In the previous attempt, a polynomial based neural network was setup and we had some inconsistent results coming back.
My assumption at that point was that the correct solutions weren't being found, and maybe the work of the solver needed simplified.
Reducing scope the solver needs to deal with
To simplify, I wanted to explore the possibility of running the polynomial solvers on only a specific layer at a time. This entails a few of the following changes. I choose the hidden layer as the part to train.
- Save a random value for all variables not part of the layer that's training.
- Substitute the random values in their places in loss, output, etc functions.
- Run solve for only the variables part of the layer being trained.
After making these changes, results return very quickly, however using reversing the order of variables passed to the
solve call is still resulting in no solutions being returned.
The results though still had a fairly high loss, and didn't seem to be producing good output. I thought this probably meant the architecture wasn't complex enough to represent the problem (despite some quick google suggesting it was). The following is the architecture that was used at that point (no bias, no activations used).

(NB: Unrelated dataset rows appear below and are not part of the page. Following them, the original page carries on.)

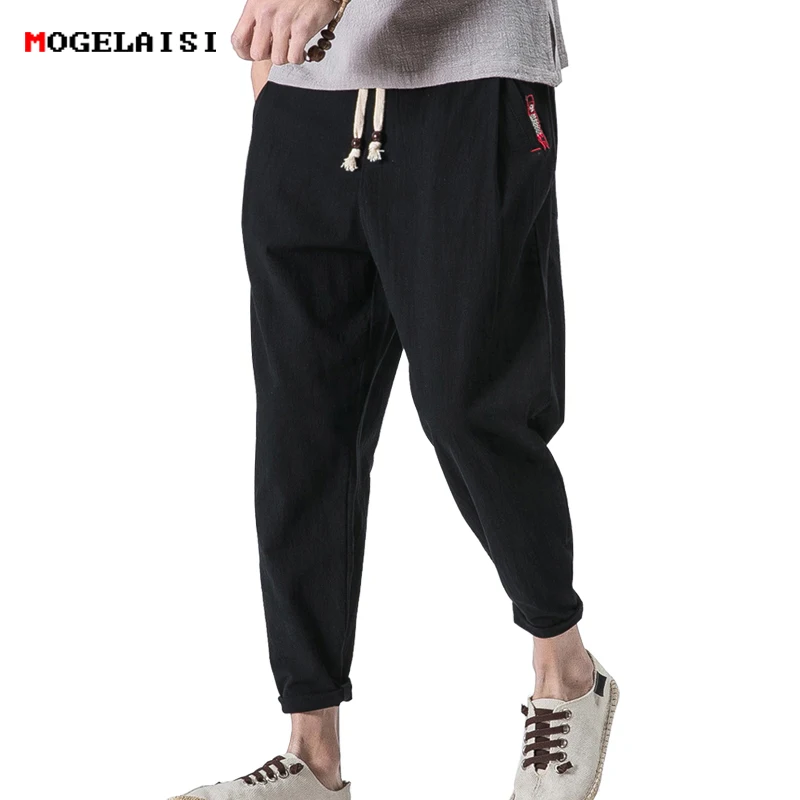 Linnen broek heren lange lichte zomerbroek regular fit met trekkoord recht effen vrijetijdsbroek mannen joggingbroek mannen casual strandbroek licht ademend katoen linnen stoffen broek, 01-Zwart, S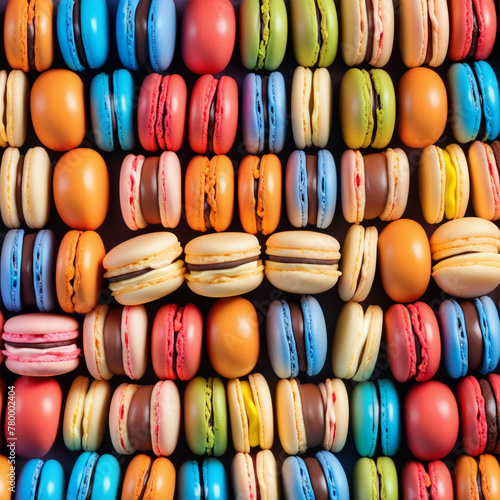 Multi-colored macarons in a row.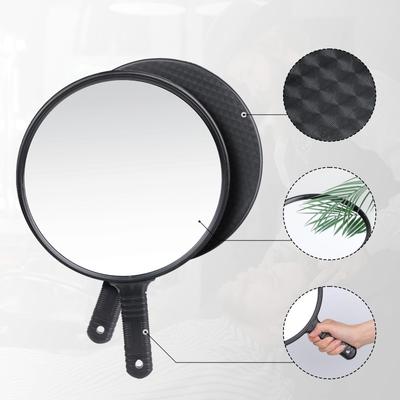 Large-sized Handheld Mirror for Beauty and Hair Care, Round Handle, Makeup and Rearview Mirror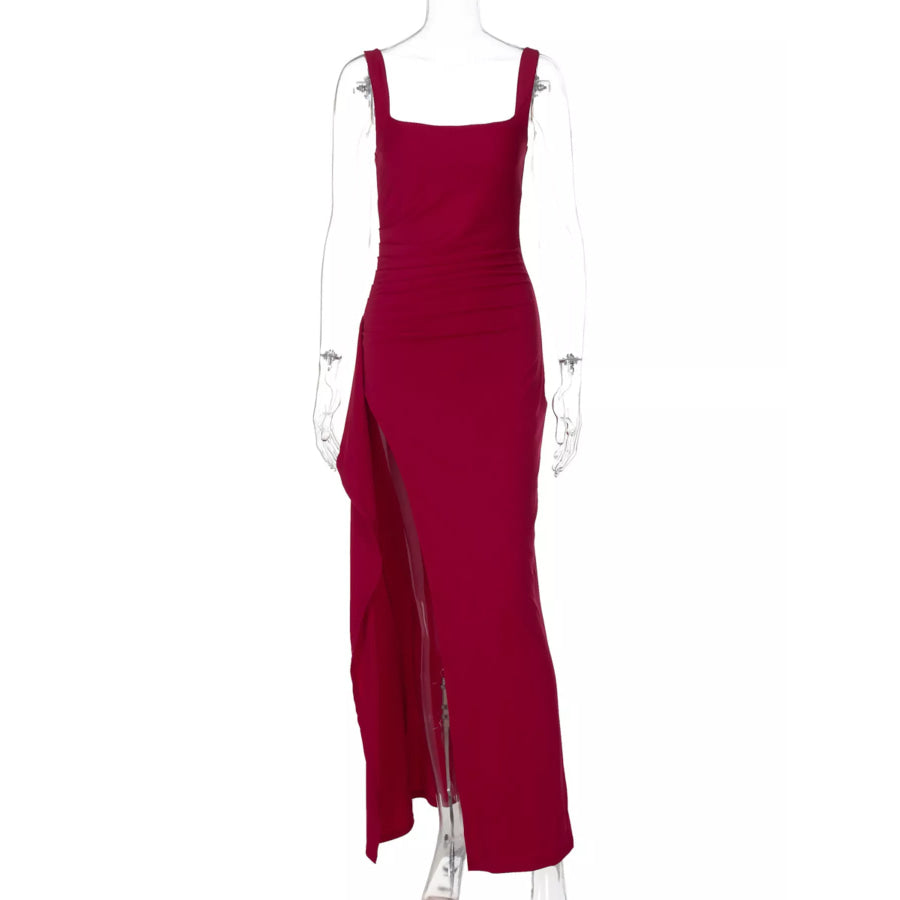 Slit Square Neck Maxi Dress Apparel and Accessories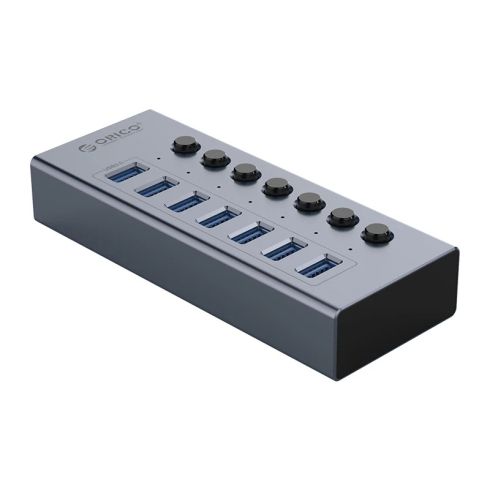 Orico USB3.0 HUB 7 port with Power Adapter, On/Off buttons, Aluminium - BT2U3-7AB-EU-GY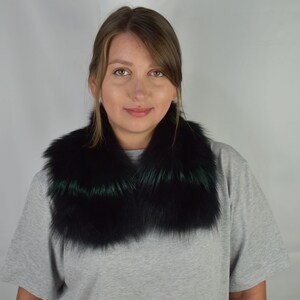 Fur Coat Collar Gift For Her | Detachable  Fox Fur Collar | Black With Green Fur Collar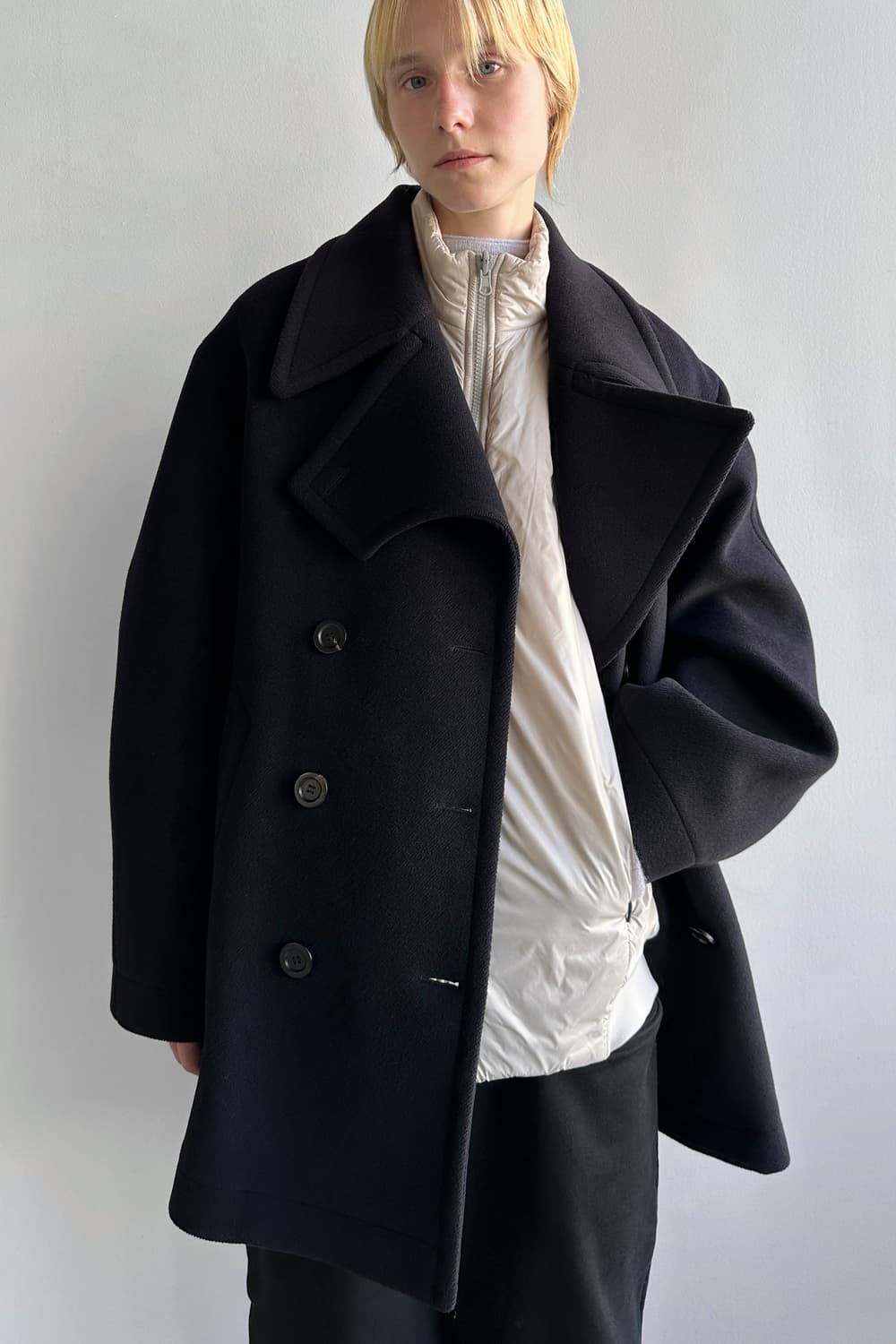 WIDE COLLAR PEA COAT 상품이미지3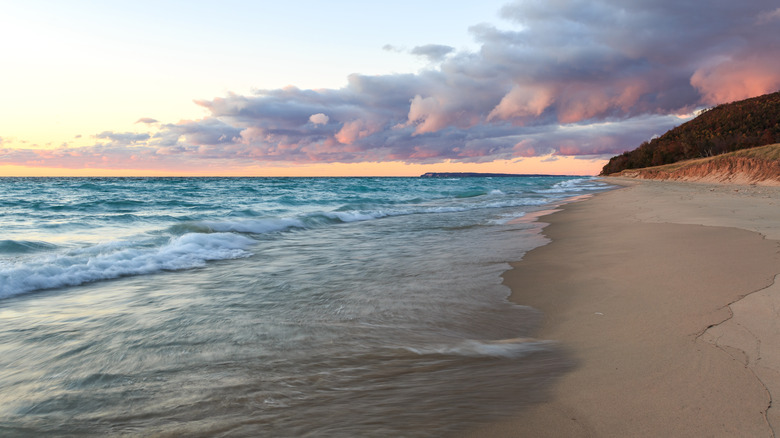 The shoreline at Lake Michigan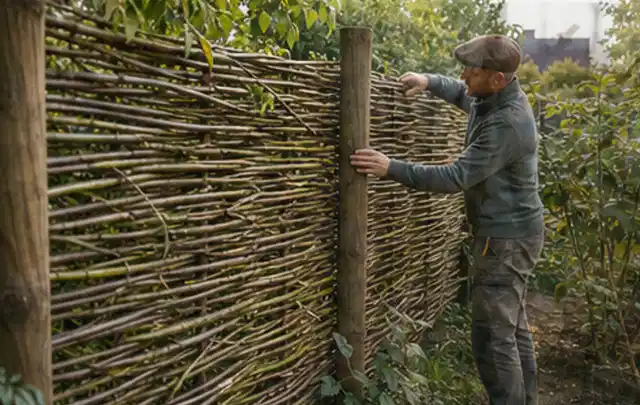 Person befestigt geflochtene Weidenruten an stabilen Holzpfosten im Garten; Thema Balkon, Schwerpunkt Inspiration; Praxisalltag.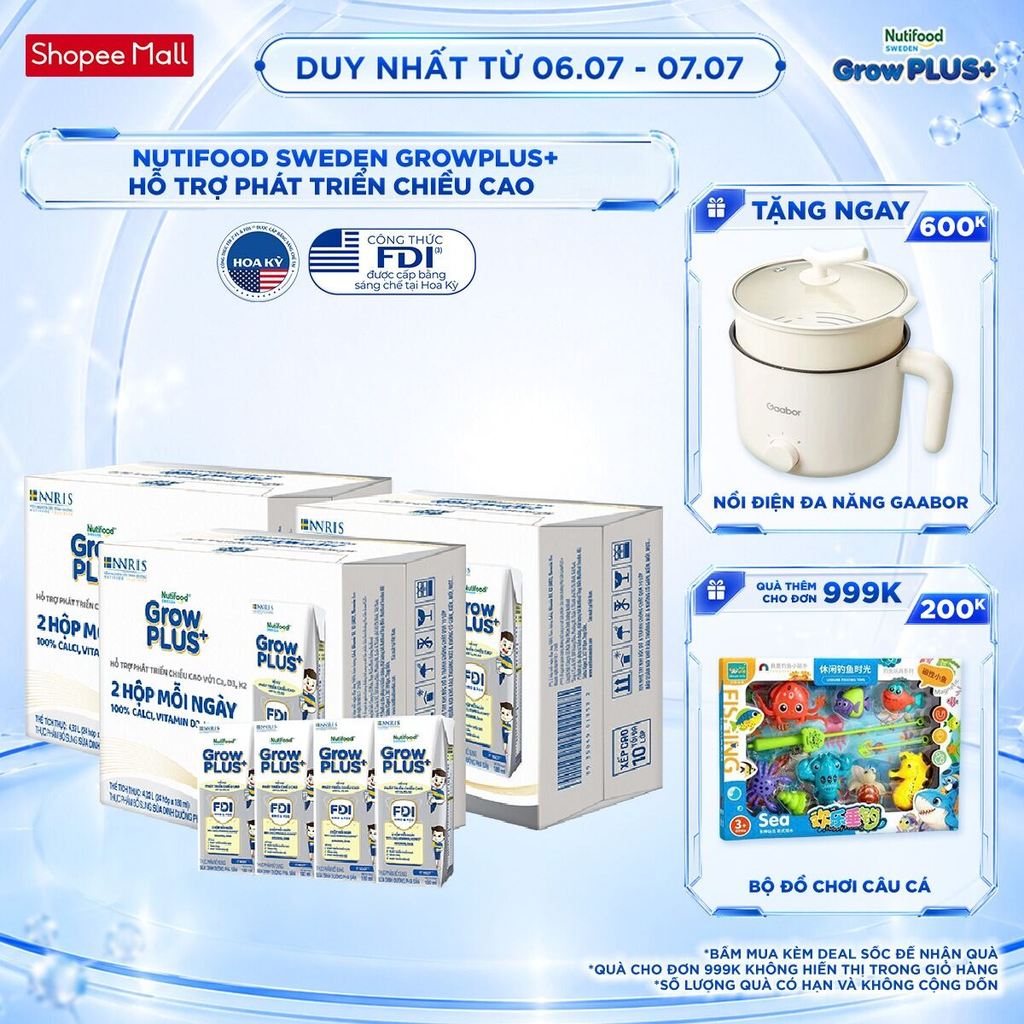 Combo 3 thùng 24 hộp Sữa Bột Pha Sẵn Nutifood Sweden GrowPLUS+ Cao lớn vượt trội 180 ml
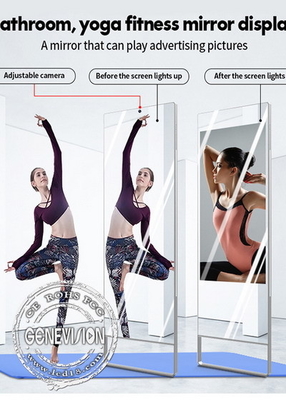 Gym 32 Inch LCD Mirror Digital Signage AC100 - 240V With Motion Sensor
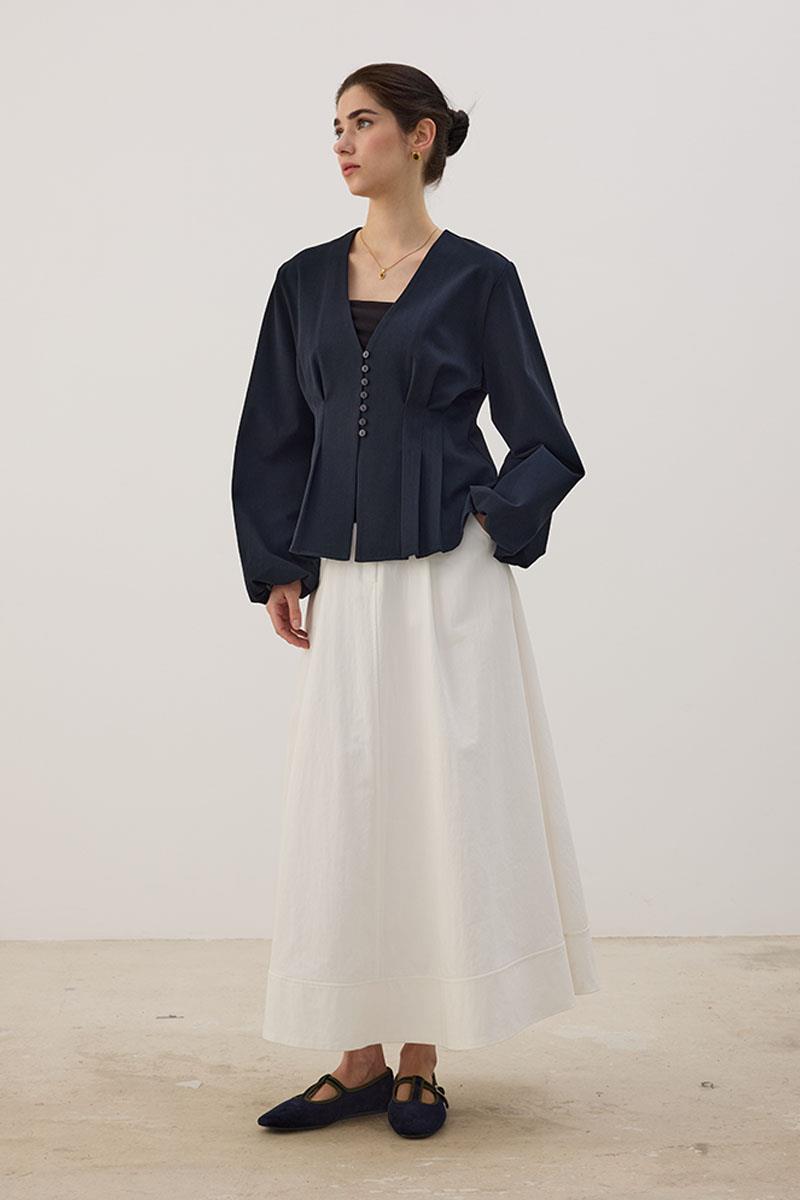 Pileli Kısa Ceket Lacivert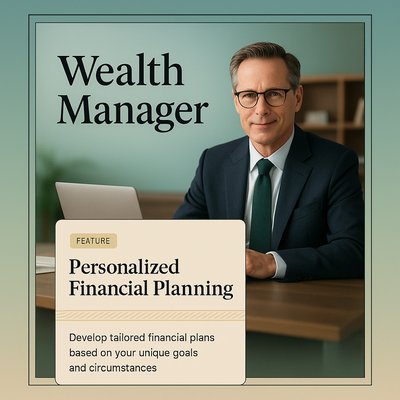 Wealth Manager Landing Page Design with Features Overview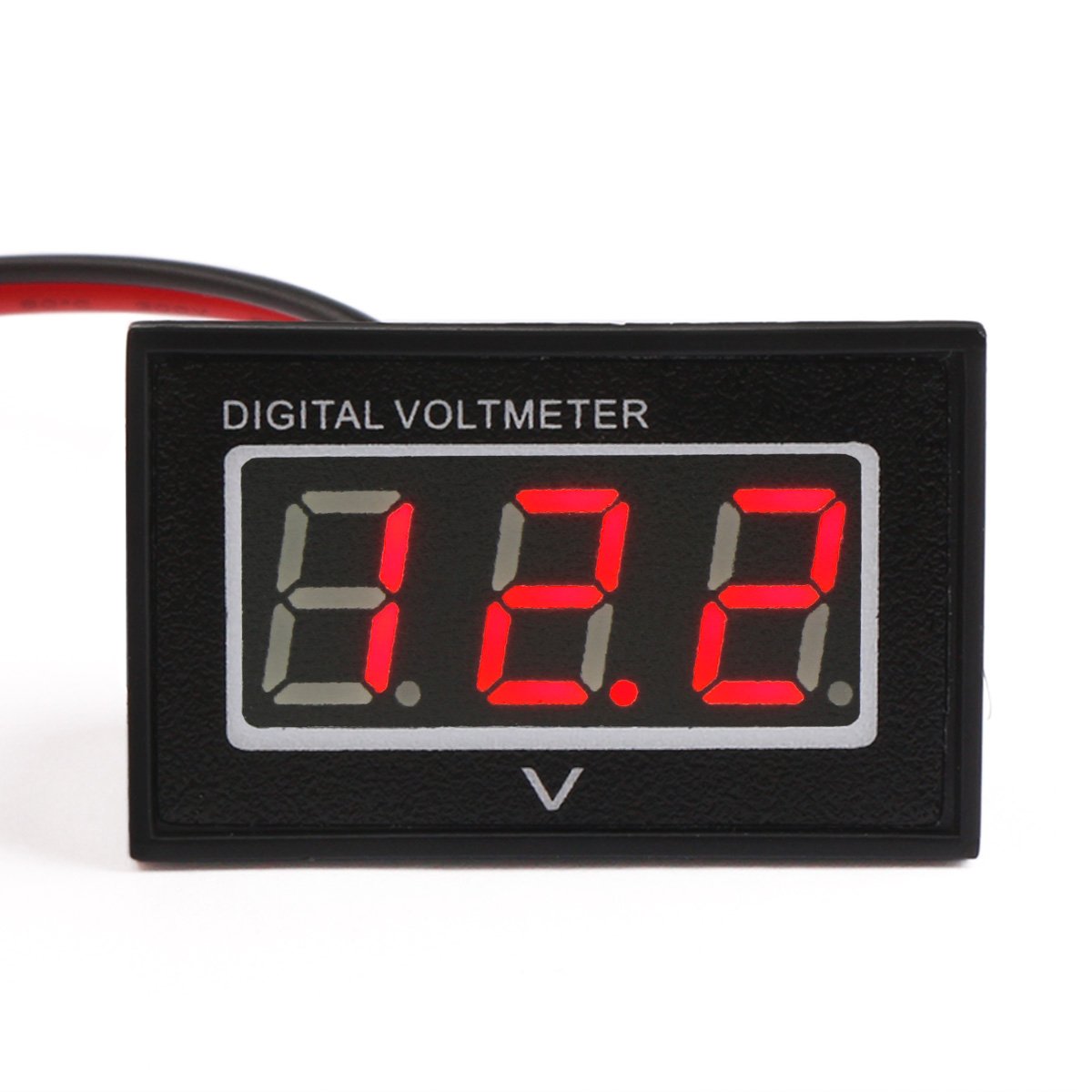 Droking DC 2.5-30V Voltage Meter Splash-proof Digital Voltmeter Red LED Digital Display Panel Volt Testing Meter 12V 24V Monitor for Car Auto Motorcycle Vehicle Red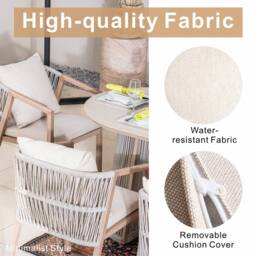 Direct Wicker Garden Iron Woven Oval Dining Table Set with Six Chairs for Patio in Beige - Size: 6 Person - thumbnail 4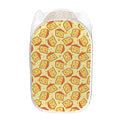 Slice Of Cheese Pattern Print Mesh Laundry Hamper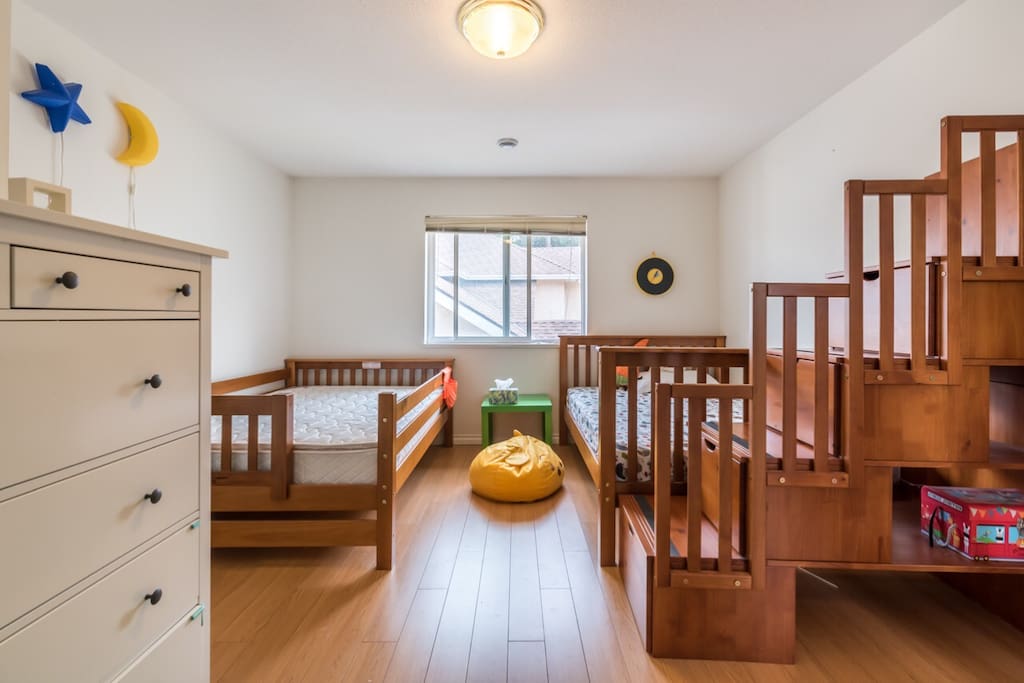 One bedroom with two double beds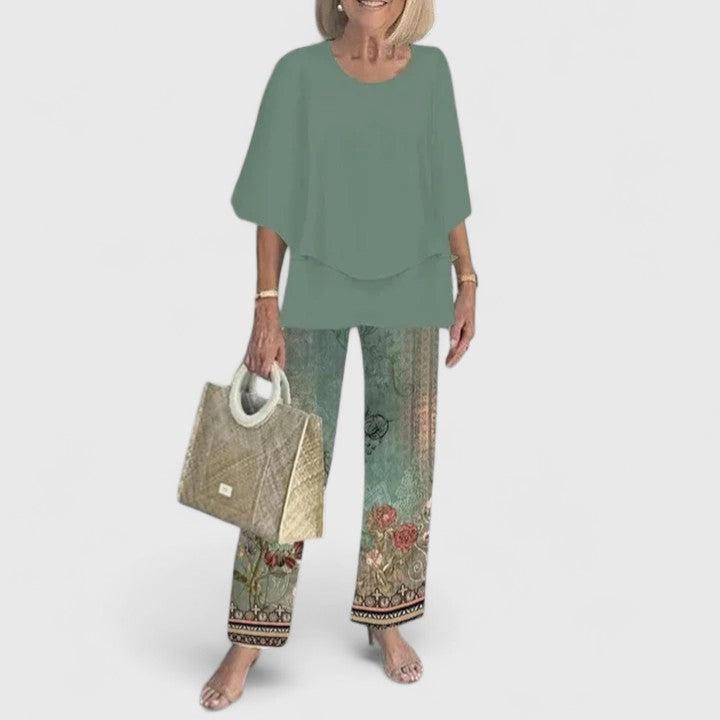 Women's Trouser Suit – Chiffon Wide Leg Elegant For Special Occasions | Amelia 5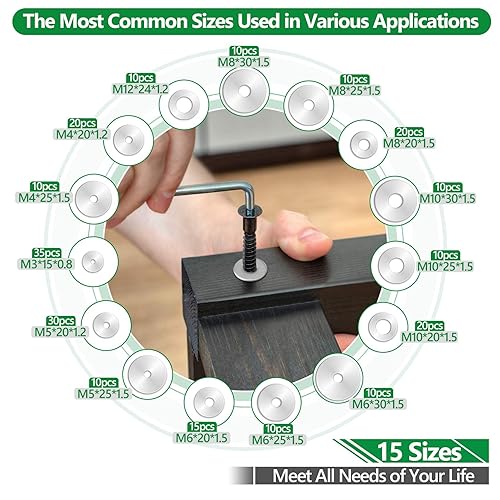 Miniatura 4 de Juego de 230 arandelas planas grandes, kit surtido de arandelas planas de acero inoxidable 304, 15 tamaños M3M4M5M6M8M10M12, arandelas redondas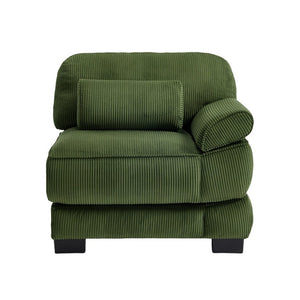 English Elm Sofa Modular Sectional with Memory Foam Cushions Adjustable Back for Living Rooms Green Corduroy W714P520847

With the above results suggesting architecture may not be complex enough, I thought probably what was missing was some form of non-linearity. This is typically an activation function.
It's possible to represent sigmoid as an activation function but it would likely get a bit complex as it would require many terms to have a good approximation. Relu isn't easy represented by polynomials accurately.
I decided to try multiplying the nodes from each layer by each other to be a 3rd node coming from each layer.
Multiplying nodes for non-linearity
Multiplying nodes together was causing the solver to take significantly longer to find solutions. I suspect 2 reasons: increased number of weights per node, higher degree polynomials making solving harder.
As a result I reduced the weight we're solving for down to a single weight per polynomial solve, with surprising results.
The following is what that architecture looks like.
Results return quite quickly, and actually fully solve it (generally less than 1e-10 error). This is surprising to me since we're only actually training one node, and the rest of the network is fully random.
Potential next steps
- Try on a larger problem (especially with a larger dataset), maybe mnist.
- Make variable training more dynamic to allow looping through all variables in the network.